Fluorspar (CaF₂) is commonly used to control the fluidity of slag in ladle-refining of steel. However, because it is desirable to reduce CaF₂ consumption because of its environmental impacts, the industrial waste material such as white mud (WM) was investigated as a potential substitute for fluorspar. Steel sample (Fe-0.3C-0.9Mn-0.3Si-0.03Al-0.05S, mass pct) was melted in a high-frequency induction furnace, followed by additions of ladle slag (CaO-Al₂O₃-SiO₂-5MgO-xCaF₂, CaO/Al₂O₃=3, x = 0 to 10 mass pct) and fluxing agent (WM) at 1823 K (1550 °C). The desulfurization experiments were carried out by reducing CaF₂ content in the ladle slag and increasing the addition of WM. Ladle slag with added WM showed an overall mass transfer coefficient of sulfur (k_O) equivalent to or higher than that of conventional 10 mass pct CaF₂-containing ladle slag. In a slag melting experiment based on DIN 51730 standard, the melting rate of mixed slag increased with the amount of WM added, which is considered to have a positive effect on the initial desulfurization rate. In addition, adding WM provided sulfide capacity of the slag equivalent to that of CaF₂-containing slag. Consequently, the use of WM yielded slag having \(k_{{\text{O}}}\) equivalent to or higher than that of conventional ladle slag with 10 pct CaF₂, and thus, WM shows promise as a partial replacement for fluorspar.

Introduction

It is generally accepted that the lower the viscosity of slag, the more positive its desulfurization effect in ladle-refining process.^[1] Putan et al.^[2] reported that steel–slag interfacial reaction rate decreased as the viscosity of the slag increased. Fluorspar (CaF₂) is one of the materials commonly used as a fluxing agent in ladle-refining stage to ensure a high liquid slag fraction of low viscosity. Thus, many researchers have studied the effects of CaF₂ upon the viscosity of slag,^{[3,4,5,6,7,8,9,10]} and have explained that the fluoride ion depolymerizes silicate networks, thereby increasing the fluidity of the slag.^[7,8,9] Park et al.^[9] measured the viscosity of CaO-SiO₂(-MgO)-CaF₂ slag and explained that the effect of CaF₂ upon slag viscosity can be understood to arise from a decrease in polymerization degree by F⁻ ions and reported that the effect of CaF₂ upon viscosity was significant in the highly basic multiphase (i.e., solid + liquid coexisting) system. Kim and Park^[10] observed that the viscosity of low-silica (SiO₂ ≤ 10 mass pct) calcium aluminosilicate melts having fixed contents of MgO (5 mass pct), representing the Al-killed slag, decreased with increasing basicity (CaO/SiO₂ or CaO/Al₂O₃) and that the addition of a small quantity of CaF₂ (5 mass pct) liberated the [SiO₄]⁴⁻ silicate unit from the aluminate network and thereby decreased the slag viscosity. However, the additional effect was insignificant when more than 10 mass pct CaF₂ was added.

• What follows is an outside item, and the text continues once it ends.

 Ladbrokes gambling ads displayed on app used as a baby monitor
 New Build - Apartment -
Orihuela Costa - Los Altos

Alternatively, the researchers have studied the melting properties of slag with added CaF₂.^[3,11,12] In general, as CaF₂ is added, the melting point of the slag decreases.^[3] Suk and Park^[11] performed a slag melting experiment using a cylindrical slag samples (CaO-SiO₂-MgO-CaF₂, 3 mm × 3 mm) based on the DIN 51730 standard method and observed that the sample height decreased more rapidly as the CaF₂ content was increased. Wang et al.^[12] performed a slag melting experiment using a cylindrical slag sample (CaO-SiO₂-Fe₂O₃-CaF₂, 3 mm × 3 mm), measuring the hemisphere temperature (T_h), at which the height of the slag sample was reduced to half its original height, and the flow temperature (T_f), at which the height of sample was reduced to one-third its original height. They observed that both T_h and T_f decreased with additional CaF₂.

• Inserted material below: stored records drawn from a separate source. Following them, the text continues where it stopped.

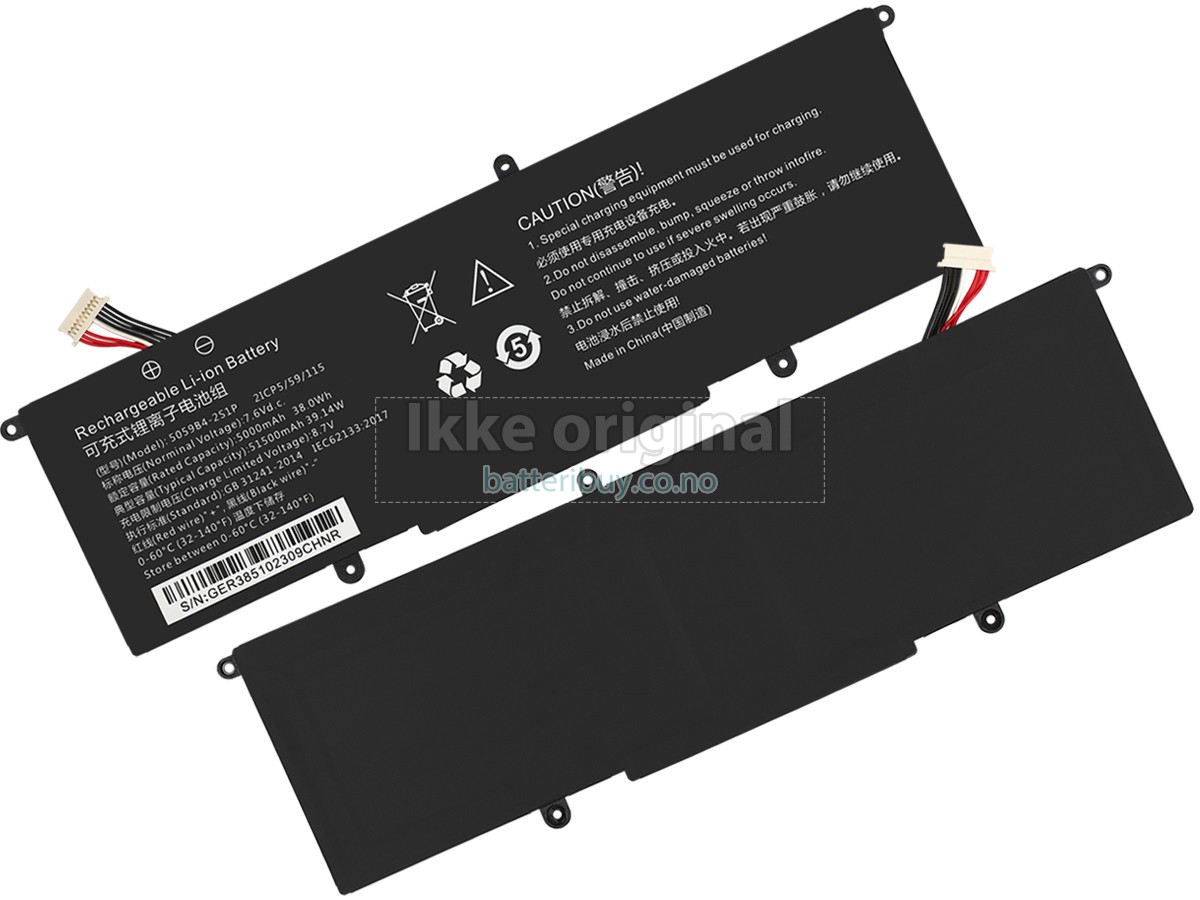 CHUWI 5059B4-2S-1 batteri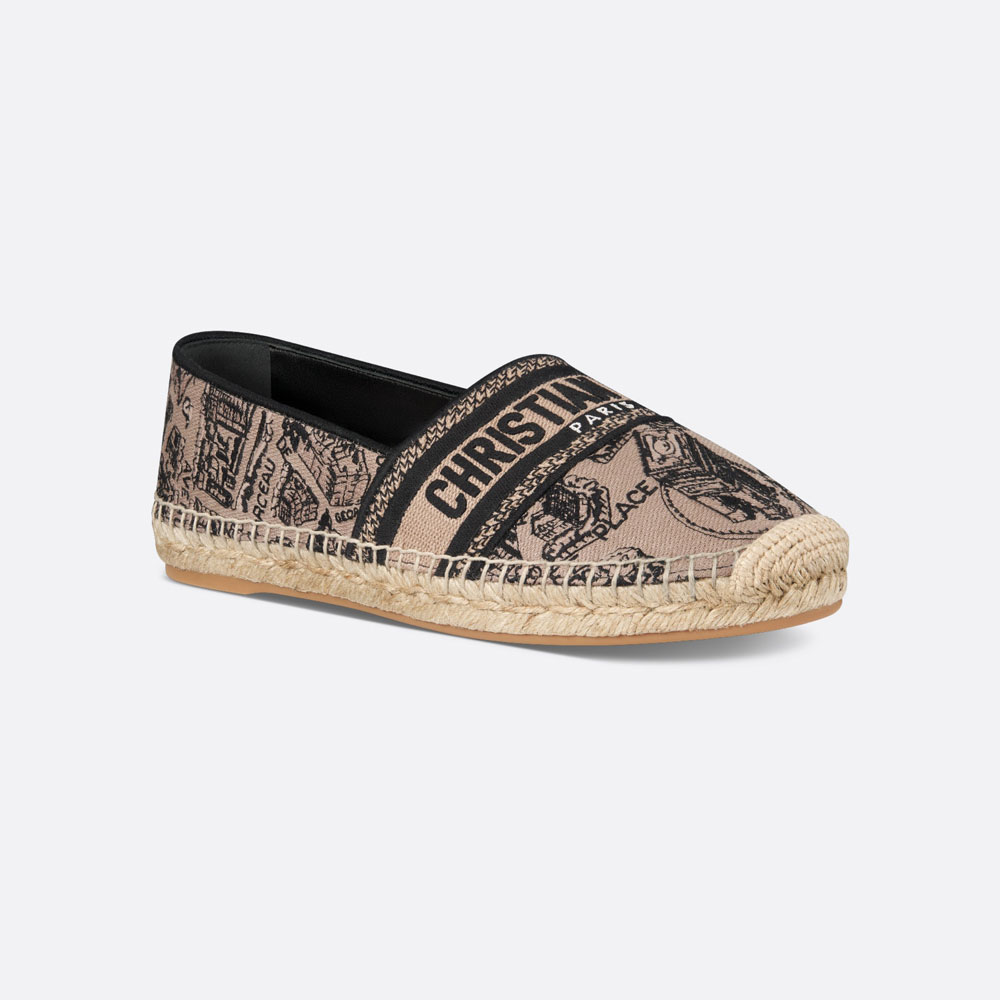 Dior Granville Espadrille KDB585KPY S37U: Image 1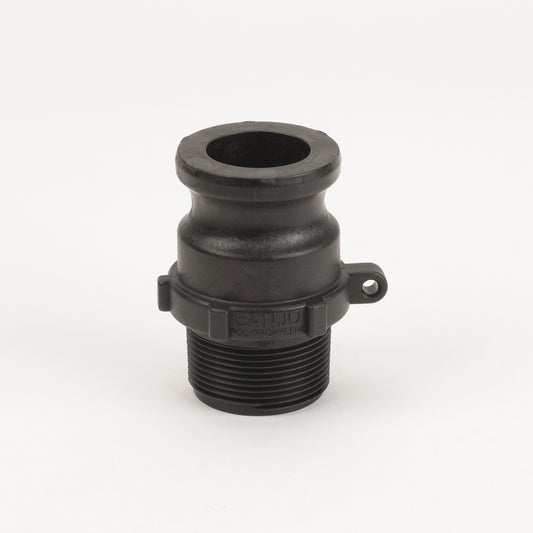 PP Adapter 1 1/2" MNPT X 1 1/2" MQDC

However, the addition of CaF₂ can further accelerate refractory degradation.^{[11,12,13,14]} Han et al.^[13] investigated refractory degradation and slag penetration depending on CaF₂ content by using CaO-Al₂O₃-SiO₂-MgO-xCaF₂ (x = 0 to 15 mass pct) slag at 1823 K (1550 °C). As the content of CaF₂ increased, detachment of MgO grains was observed, and the slag penetration into the refractory increased. It was concluded that the addition of CaF₂ reduced the viscosity of the slag, which accelerated the erosion of the refractory material. Also, penetrated slag containing CaF₂ reacts with the refractory binder and detaches MgO grains, damaging the refractory material. Park et al.^[11,14] found that when CaF₂ was added to calcium silicate slag, the slag fluidity increased, and that the CaF₂ accelerated the corrosion of zirconia and magnesia refractories by promoting dissolution of the intermediate CaZrO₃ and of MgO.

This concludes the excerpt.